The Company’s November 29
press release argued that the current diversification benefits will be lost if the businesses are separated. The reality is the diversification benefits you cited in defending Timken’s current structure, in our opinion, cause Timken’s trading discount by confusing investors and obscuring the dramatic operating improvements in the underlying businesses. Investors do not need you to diversify for them. The significant discount investors are applying to Timken’s stock shows the market’s clear preference for pure-play steel or bearings alternatives.
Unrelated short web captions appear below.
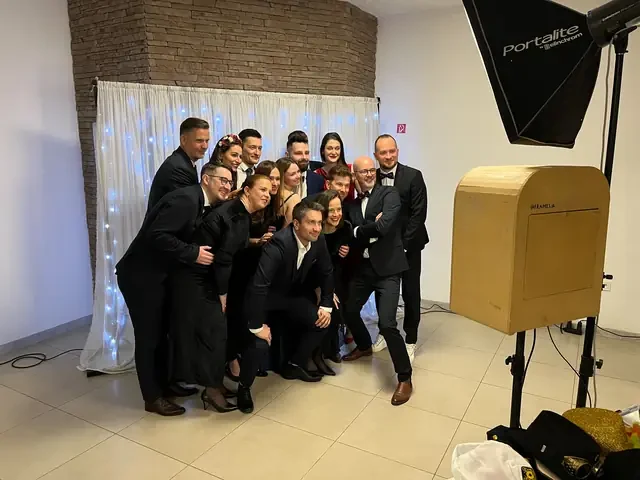 Skupina hostí pri fotobúdke s bielym pozadím a svetlami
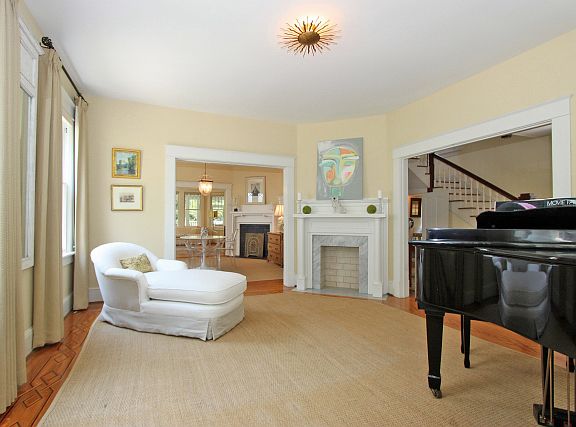 Living room, opening into dining room, into family room. Note corner fireplace.
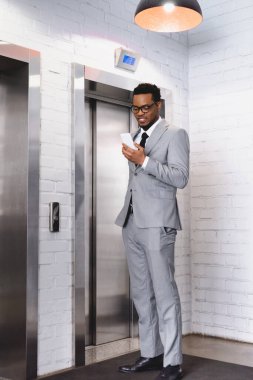 Mutlu Afro-Amerikan iş adamı asansörün yanında dururken akıllı telefon tutuyor.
3) Both companies will have substantial financial flexibility and the pension liability has been mitigated to the point that it is no longer an issue following a separation.
The same November 29
press release cites a decrease in the Company’s financial flexibility following a separation as a reason to maintain the current structure and on the January 24
earnings call management pointed to the Company’s pension as a reason the businesses needed to stay together. As you should know, the two issues are linked, and neither presents a real obstacle to separating the businesses. With net cash of over $100M and available liquidity of $1.4B
, Timken has significant financial resources and flexibility to ensure that both the Steel and Bearings Businesses are well-capitalized following the separation. Both businesses would have ample funding for their pension and capital expenditure needs while maintaining credit metrics superior to their peers’. The Company has invested over $1.3B into its pension plan over the last 4 years to bring the unfunded liability down to $398M at the end of 2012. CFO Glenn Eisenberg has stated that the pension plan will be nearly fully funded by the end of 2013 and that the Company will annuitize a significant portion of the gross liability, removing it from the balance sheet. The Company’s $1.4B of liquidity could easily be used to fund that pension liability. While the pension may have hindered the Company’s strategic options in the past, we do not find the Company’s assertion that it lacks the ability to sufficiently fund its pension to be credible. The reduced size of the underfunded pension liability also makes it unlikely to be a driver behind Timken’s trading discount.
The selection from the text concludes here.